Kenya will receive €102M under the EU–Kenya Digital Partnership to expand fibre, digitise land records, and back innovation, plus €37M for a cable.
Kenya has secured €102 million in EU-backed funding for digital transformation, plus a separate €37 million commitment for a regional submarine cable extension.
Kenya’s government says the new package was agreed after talks in Brussels between President William Ruto and European officials.
Under the EU–Kenya Digital Partnership, Kenya will receive €102 million, around KSh 15.3 billion, for digital transformation projects. The focus is on expanding connectivity, supporting innovation, and creating more opportunities for young people and businesses.
The EU has also committed €37 million to extend the Blue Raman submarine cable. A submarine cable is a high-capacity internet link laid under the sea, like a major data highway between countries. The project is expected to connect Djibouti, Somalia, Kenya, and Tanzania, and lower regional bandwidth costs.
The €102 million package includes several earmarked allocations.

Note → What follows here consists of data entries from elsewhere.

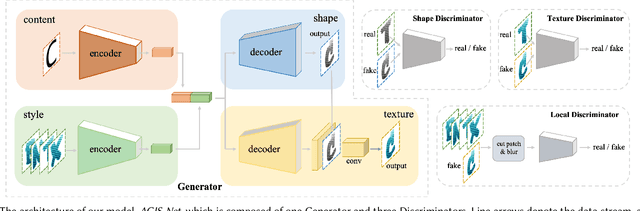 Figure 3 for Artistic Glyph Image Synthesis via One-Stage Few-Shot Learning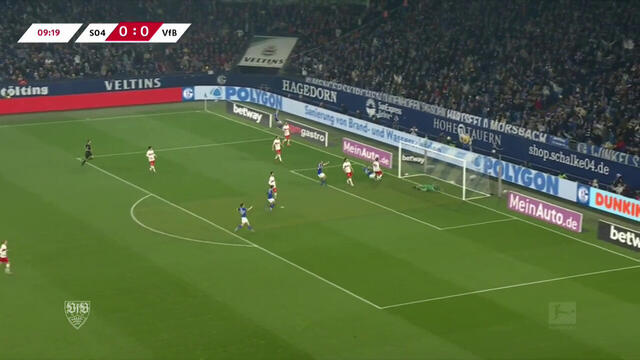 Highlights: FC Schalke 04 - VfB Stuttgart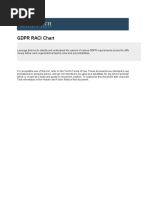 It GDPR RACI Chart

Kenya is set to receive about €17 million to upgrade the Northern Corridor trade route, €15 million to expand the national fibre-optic network, and €12 million to digitise land registration systems.
Other allocations include €10 million to strengthen Kenya’s Digital Transformation Centre and €16 million to support the transition of refugee camps into integrated communities.
Both sides also discussed deeper cooperation on AI, which means software that can perform tasks that usually need human judgement, plus digital identity and a possible “data adequacy” arrangement. Data adequacy is a legal standard that can make it easier for data to move between jurisdictions, supporting digital trade and cross-border services.
More fibre and lower bandwidth costs can improve internet reliability and reduce the cost of running digital services, from SaaS tools to payments and customer support.
Digitising land records and strengthening government digital capacity can also reduce paperwork delays and improve trust in public systems, which matters for lenders, property transactions, and compliance.
For Kenya’s tech ecosystem, the funding signals continued public and partner investment in infrastructure and digitisation. It could also support Kenya’s position as a business process outsourcing hub, where companies provide back-office services like customer service and data processing for global clients.